EXERCISE GOAL:
Every line of the entries below from the one containing "map of restaurants, bars, coffee" to the one containing "What makes a", both ends included, must be written out exactly. No other line belongs in the answer.

START PROVIDED DATA

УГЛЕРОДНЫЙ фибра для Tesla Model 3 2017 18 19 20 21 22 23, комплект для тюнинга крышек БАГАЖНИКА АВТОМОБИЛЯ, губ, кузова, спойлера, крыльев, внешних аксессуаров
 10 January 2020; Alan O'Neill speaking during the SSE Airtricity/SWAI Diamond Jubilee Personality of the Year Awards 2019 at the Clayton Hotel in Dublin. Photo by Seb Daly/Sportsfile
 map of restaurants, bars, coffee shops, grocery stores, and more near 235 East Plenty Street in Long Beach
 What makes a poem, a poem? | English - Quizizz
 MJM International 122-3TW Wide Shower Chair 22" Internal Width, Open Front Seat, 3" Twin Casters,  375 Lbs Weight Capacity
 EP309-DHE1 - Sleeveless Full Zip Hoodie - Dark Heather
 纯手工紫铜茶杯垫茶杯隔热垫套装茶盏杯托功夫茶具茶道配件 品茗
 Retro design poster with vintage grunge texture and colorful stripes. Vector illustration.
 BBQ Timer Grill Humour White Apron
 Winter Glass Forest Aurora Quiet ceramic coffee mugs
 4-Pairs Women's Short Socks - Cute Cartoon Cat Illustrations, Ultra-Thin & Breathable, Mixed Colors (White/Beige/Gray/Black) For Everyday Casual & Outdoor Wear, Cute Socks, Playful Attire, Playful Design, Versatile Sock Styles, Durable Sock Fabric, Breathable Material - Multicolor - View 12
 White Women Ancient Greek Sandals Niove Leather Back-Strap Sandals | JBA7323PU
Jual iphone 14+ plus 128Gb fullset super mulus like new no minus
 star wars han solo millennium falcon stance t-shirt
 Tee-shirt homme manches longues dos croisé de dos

END PROVIDED DATA

SOLUTION FOR THIS TASK:
 map of restaurants, bars, coffee shops, grocery stores, and more near 235 East Plenty Street in Long Beach
 What makes a poem, a poem? | English - Quizizz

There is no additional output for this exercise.